● **WHAT IS REQUIRED**: Only reproduce the lines from the line containing "Elegant Pastel Green" onward, exactly, through the final line of the data below.

++++++

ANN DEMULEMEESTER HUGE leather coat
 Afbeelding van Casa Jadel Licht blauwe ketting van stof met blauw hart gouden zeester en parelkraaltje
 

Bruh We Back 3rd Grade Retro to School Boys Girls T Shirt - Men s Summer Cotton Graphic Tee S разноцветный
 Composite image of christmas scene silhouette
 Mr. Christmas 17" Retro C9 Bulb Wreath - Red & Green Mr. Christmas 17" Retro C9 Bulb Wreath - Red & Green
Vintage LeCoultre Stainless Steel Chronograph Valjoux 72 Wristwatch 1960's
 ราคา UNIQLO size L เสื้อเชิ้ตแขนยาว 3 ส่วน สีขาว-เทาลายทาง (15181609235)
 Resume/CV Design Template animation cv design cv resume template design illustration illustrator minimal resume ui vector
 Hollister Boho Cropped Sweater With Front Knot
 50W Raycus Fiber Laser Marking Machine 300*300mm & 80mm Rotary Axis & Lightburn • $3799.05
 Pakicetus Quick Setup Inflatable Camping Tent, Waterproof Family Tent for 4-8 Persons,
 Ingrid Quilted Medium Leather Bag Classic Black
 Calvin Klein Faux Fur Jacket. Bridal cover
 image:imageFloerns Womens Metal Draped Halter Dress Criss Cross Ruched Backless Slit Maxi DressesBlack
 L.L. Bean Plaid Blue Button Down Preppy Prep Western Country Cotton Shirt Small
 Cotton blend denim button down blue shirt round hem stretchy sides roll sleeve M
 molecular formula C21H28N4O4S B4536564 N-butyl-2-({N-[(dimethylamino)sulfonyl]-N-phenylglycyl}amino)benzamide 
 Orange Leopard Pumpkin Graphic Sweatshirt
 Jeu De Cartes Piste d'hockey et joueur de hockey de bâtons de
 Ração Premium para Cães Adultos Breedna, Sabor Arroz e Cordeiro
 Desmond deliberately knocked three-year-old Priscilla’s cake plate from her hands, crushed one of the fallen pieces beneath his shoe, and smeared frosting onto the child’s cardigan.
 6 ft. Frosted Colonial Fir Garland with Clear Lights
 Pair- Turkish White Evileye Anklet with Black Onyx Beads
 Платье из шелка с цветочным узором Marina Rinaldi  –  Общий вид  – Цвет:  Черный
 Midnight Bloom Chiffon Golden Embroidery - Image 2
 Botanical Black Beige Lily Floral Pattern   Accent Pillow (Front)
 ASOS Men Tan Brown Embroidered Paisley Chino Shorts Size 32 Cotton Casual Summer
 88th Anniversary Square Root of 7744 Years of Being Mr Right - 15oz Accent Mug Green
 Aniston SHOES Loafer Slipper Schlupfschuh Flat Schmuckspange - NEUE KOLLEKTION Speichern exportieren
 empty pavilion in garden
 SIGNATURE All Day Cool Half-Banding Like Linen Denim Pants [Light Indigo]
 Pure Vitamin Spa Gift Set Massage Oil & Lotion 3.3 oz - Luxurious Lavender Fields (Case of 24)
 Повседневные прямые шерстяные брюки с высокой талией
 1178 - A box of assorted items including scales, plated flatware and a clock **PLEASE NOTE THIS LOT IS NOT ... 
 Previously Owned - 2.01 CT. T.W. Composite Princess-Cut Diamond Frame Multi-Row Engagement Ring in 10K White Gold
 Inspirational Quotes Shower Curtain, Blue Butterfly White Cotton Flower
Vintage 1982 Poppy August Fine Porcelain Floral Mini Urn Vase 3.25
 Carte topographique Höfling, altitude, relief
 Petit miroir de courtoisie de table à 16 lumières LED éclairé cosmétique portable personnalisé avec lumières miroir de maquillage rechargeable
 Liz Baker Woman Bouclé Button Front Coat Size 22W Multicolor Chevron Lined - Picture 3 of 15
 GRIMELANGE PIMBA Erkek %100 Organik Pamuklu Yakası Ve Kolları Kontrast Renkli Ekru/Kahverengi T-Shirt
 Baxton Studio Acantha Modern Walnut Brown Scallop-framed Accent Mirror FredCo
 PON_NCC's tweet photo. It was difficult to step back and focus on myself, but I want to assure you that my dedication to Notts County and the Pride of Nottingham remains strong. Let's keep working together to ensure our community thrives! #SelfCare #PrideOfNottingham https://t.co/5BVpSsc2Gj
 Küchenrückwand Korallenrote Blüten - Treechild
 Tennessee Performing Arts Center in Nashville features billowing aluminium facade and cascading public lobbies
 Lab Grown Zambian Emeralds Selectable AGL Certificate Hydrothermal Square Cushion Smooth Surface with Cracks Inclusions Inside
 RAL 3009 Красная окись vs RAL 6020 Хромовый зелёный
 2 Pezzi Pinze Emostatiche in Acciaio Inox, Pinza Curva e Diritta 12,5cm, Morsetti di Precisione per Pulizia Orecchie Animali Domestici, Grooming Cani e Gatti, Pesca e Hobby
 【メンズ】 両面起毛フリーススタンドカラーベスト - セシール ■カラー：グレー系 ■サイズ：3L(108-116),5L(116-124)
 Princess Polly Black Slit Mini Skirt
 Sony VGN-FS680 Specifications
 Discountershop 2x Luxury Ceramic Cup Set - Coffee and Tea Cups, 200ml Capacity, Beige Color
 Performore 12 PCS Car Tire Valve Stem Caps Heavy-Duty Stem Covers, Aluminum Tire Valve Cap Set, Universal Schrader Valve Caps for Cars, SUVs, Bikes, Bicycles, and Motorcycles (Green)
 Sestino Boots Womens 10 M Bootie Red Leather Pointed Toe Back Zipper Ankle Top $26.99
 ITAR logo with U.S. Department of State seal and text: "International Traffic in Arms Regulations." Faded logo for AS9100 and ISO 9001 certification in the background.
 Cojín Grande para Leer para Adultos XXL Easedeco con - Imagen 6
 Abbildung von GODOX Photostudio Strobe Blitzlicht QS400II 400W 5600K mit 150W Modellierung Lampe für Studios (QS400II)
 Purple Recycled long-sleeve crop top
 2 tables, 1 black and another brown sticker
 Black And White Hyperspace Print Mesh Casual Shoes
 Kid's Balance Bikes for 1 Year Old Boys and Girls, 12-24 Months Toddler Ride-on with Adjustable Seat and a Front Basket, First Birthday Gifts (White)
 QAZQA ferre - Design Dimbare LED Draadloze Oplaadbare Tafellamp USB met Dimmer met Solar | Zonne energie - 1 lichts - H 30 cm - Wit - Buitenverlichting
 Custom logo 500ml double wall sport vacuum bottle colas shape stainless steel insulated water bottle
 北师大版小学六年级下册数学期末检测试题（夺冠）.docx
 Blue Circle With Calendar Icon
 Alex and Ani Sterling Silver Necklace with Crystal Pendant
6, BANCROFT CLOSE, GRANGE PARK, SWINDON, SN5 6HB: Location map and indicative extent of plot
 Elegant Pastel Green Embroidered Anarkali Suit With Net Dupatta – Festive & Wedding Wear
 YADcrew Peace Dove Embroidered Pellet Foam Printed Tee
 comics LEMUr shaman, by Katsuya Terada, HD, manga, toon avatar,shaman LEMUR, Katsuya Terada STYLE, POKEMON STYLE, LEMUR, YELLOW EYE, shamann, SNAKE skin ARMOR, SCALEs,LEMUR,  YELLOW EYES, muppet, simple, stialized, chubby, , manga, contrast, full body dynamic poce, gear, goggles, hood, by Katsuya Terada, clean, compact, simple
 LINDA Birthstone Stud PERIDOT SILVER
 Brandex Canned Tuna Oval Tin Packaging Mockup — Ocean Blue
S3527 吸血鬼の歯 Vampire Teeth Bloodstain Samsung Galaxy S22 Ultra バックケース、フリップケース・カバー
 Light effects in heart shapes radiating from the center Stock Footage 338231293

++++++

● **FINISHED EXERCISE**:
 Elegant Pastel Green Embroidered Anarkali Suit With Net Dupatta – Festive & Wedding Wear
 YADcrew Peace Dove Embroidered Pellet Foam Printed Tee
 comics LEMUr shaman, by Katsuya Terada, HD, manga, toon avatar,shaman LEMUR, Katsuya Terada STYLE, POKEMON STYLE, LEMUR, YELLOW EYE, shamann, SNAKE skin ARMOR, SCALEs,LEMUR,  YELLOW EYES, muppet, simple, stialized, chubby, , manga, contrast, full body dynamic poce, gear, goggles, hood, by Katsuya Terada, clean, compact, simple
 LINDA Birthstone Stud PERIDOT SILVER
 Brandex Canned Tuna Oval Tin Packaging Mockup — Ocean Blue
S3527 吸血鬼の歯 Vampire Teeth Bloodstain Samsung Galaxy S22 Ultra バックケース、フリップケース・カバー
 Light effects in heart shapes radiating from the center Stock Footage 338231293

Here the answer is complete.